[BioPython] large data distribution (was: versioning, distribution and webdav)

Andrew Dalke dalke@acm.org
Thu, 17 May 2001 04:07:56 -0600


BTW, let me add as well the good points about it, which I
was negligent in doing in my first response.

- It is meant for large systems well beyond any problems
we face now or the next ten years.  (When I mentioned to a friend
of mine, a nuclear physicist at Michigan State, the data sizes
we deal with, he pointed out his data sets were 3 orders of
magnitude larger.)

- It combines work from different fields, which allows for
a cross-pollenization not possible from a single field.

- It has more resources behind it (9.8 billion euro) than anything
I could imagine.  Perhaps I need more expensive tastes!

- It has a conceptual framework for how such systems might
be designed, and people with experience in doing so.


Then to repond to Rune Linding follow-up of my comments:
>>  - I really didn't like the word 'grid' when I heard it a few
>>      years back as GRiD.  But then, I didn't like "www" so I'm
>>      not the best judge of this.
>
>i think this is irrelevant

Yep.  Completely agree.  Names by themselves don't mean anything.

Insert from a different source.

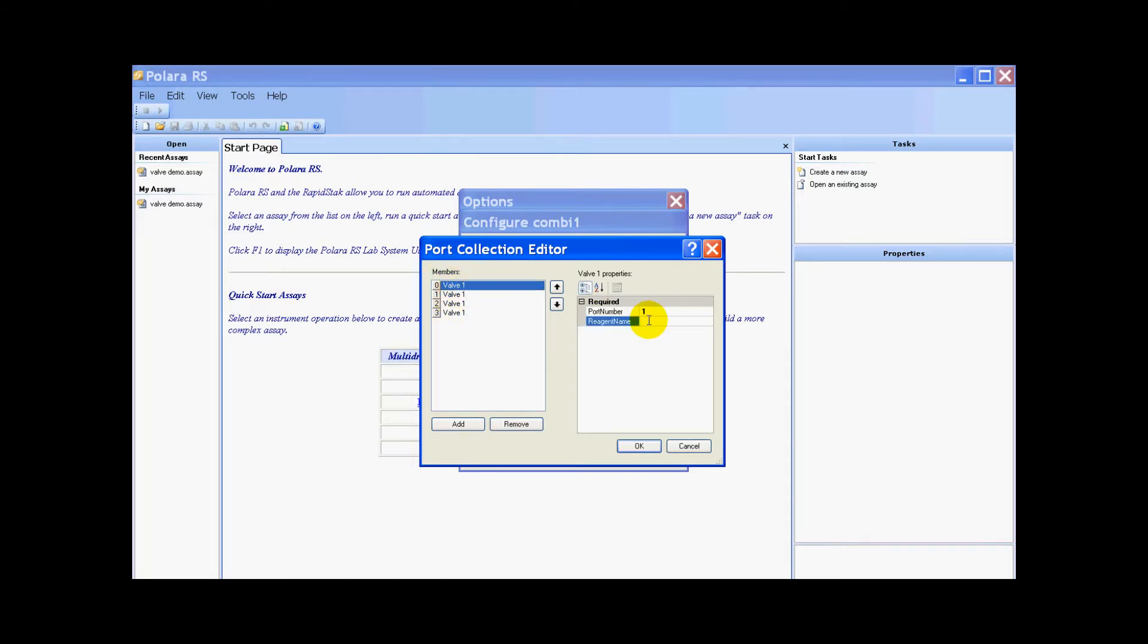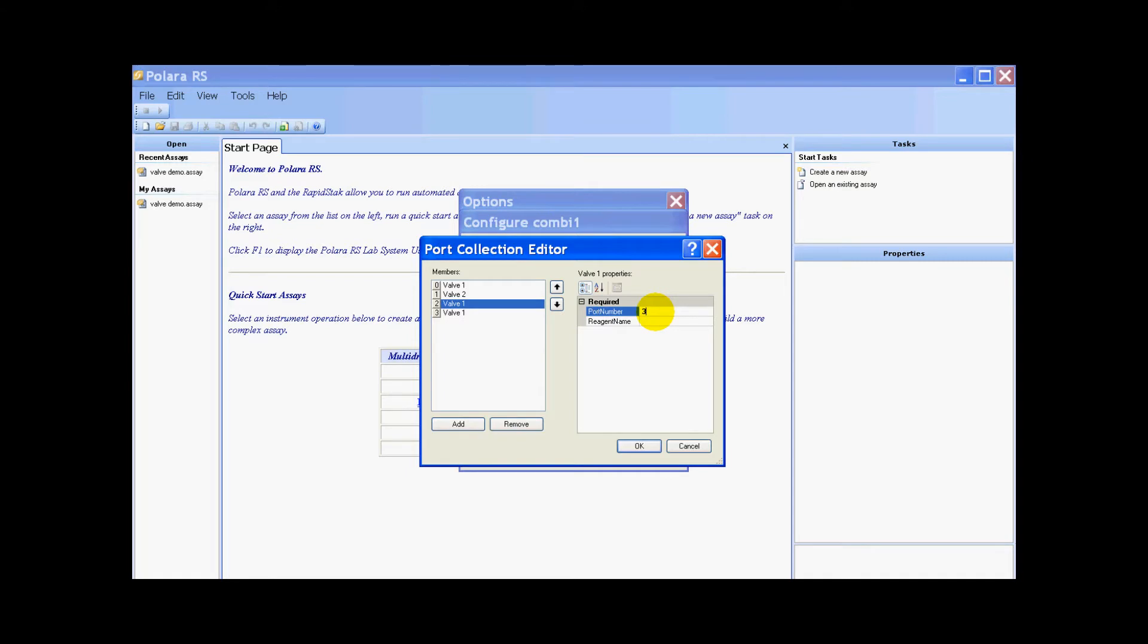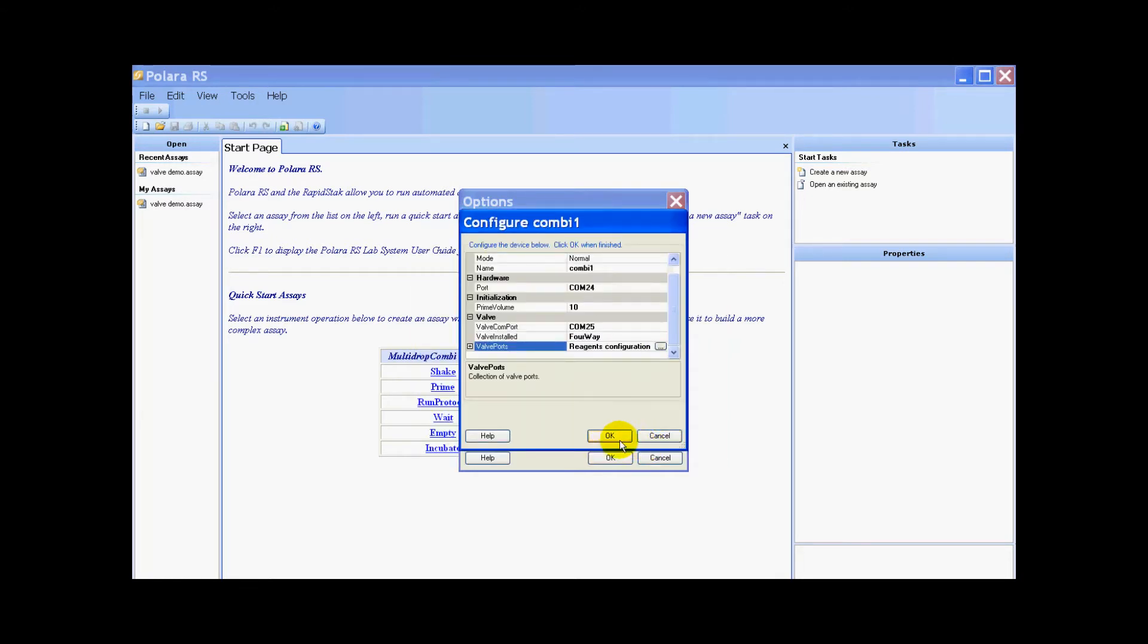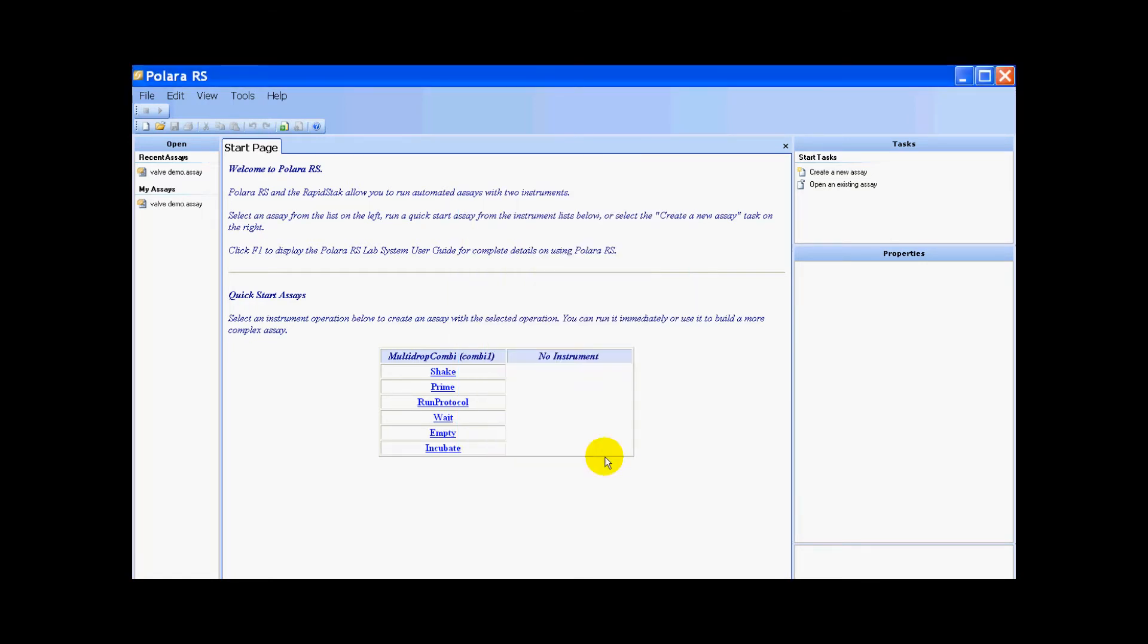Valve one, I'm just going to have reagent one. Then I'm going to switch this to valve two, and this will be reagent two. I'll do valve three, this can be water. And then valve four, I'll just say reagent three. I just hit OK, hit OK for the configure combi one, and hit OK for the options.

But the word "grid" when used in this context has specific meanings
related its use in related national and international projects
and its connotations to the "power grid" including a history going
back to Multics, which was the first project I heard of where
people talked about the metaphor for plugging into a distributed
network to share resources.  This project and metaphor is well-known
in the text books.

If a project accepts that word then I feel they must address those
relationships.  For example, in some sense Multics failed because
it never produced a really commerically viable machine.  On the
other hand, it succeeded wildly as a research topic, and Unix
is one of its descendents, if only as a reaction against Multics.

So if the DataGrid is specifically alluding to that history,
then I would urge caution for anyone who plans to depend on its
results within the next five years, which is what I see as the
required timeline.  On the other hand, promoting it as a research
platform is a different topic entirely.  I want that first.

>>  - their current site is poorly designed

>iam sorry but i dont see that using flash or placing a 4meg pdf document
>is a problem.

I made that statement for several reasons.  The first was purely
an observation based on knowing nothing about the site at this point.
By making it I caution others that that site may be hard to visit.
In addition I hope to encourge others that good web design is
important if only not to get comments like mine.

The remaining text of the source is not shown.